In the listing below, locate the line with "Sur-Ron Ultra Bee passenger pegs kit" and the line with "Volkswagen Passat 1.5", then output both and everything between them exactly, minus any pictures.
** DATA SHOWN follows **
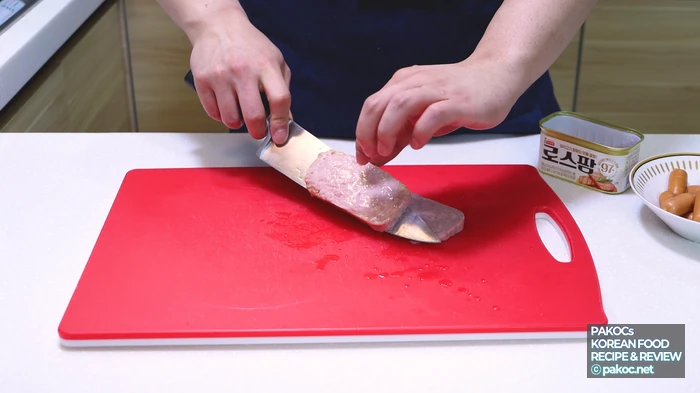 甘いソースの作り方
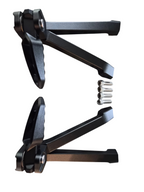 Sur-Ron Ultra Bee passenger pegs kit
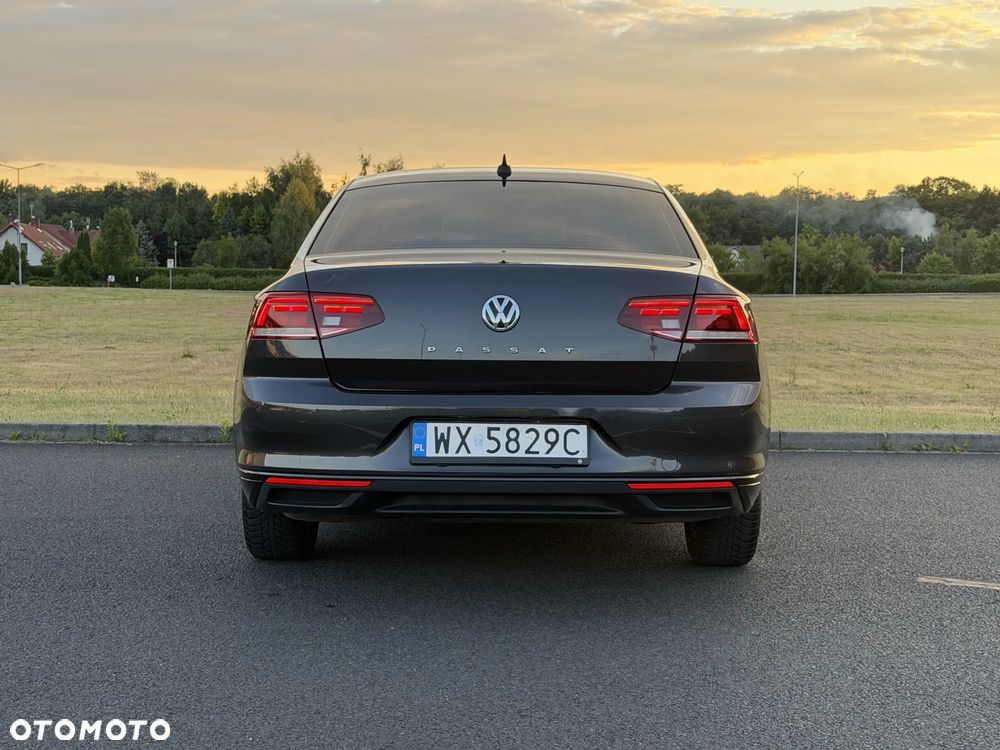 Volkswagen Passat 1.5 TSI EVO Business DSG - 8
** End of DATA SHOWN **
** DATA SHOWN follows **
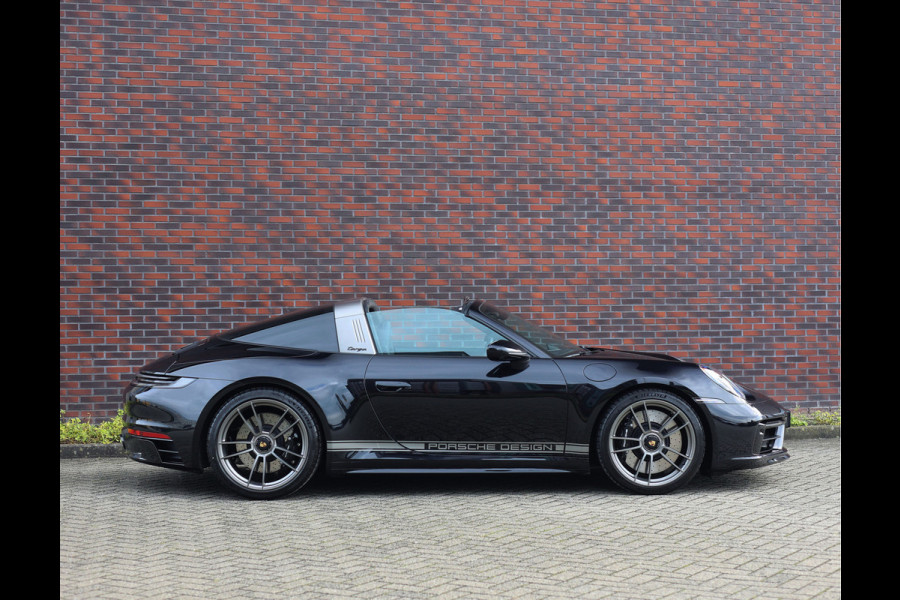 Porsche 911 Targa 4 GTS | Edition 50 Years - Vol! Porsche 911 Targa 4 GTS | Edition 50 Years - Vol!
** End of DATA SHOWN **
EXERCISE RESPONSE:
 Sur-Ron Ultra Bee passenger pegs kit
 Volkswagen Passat 1.5 TSI EVO Business DSG - 8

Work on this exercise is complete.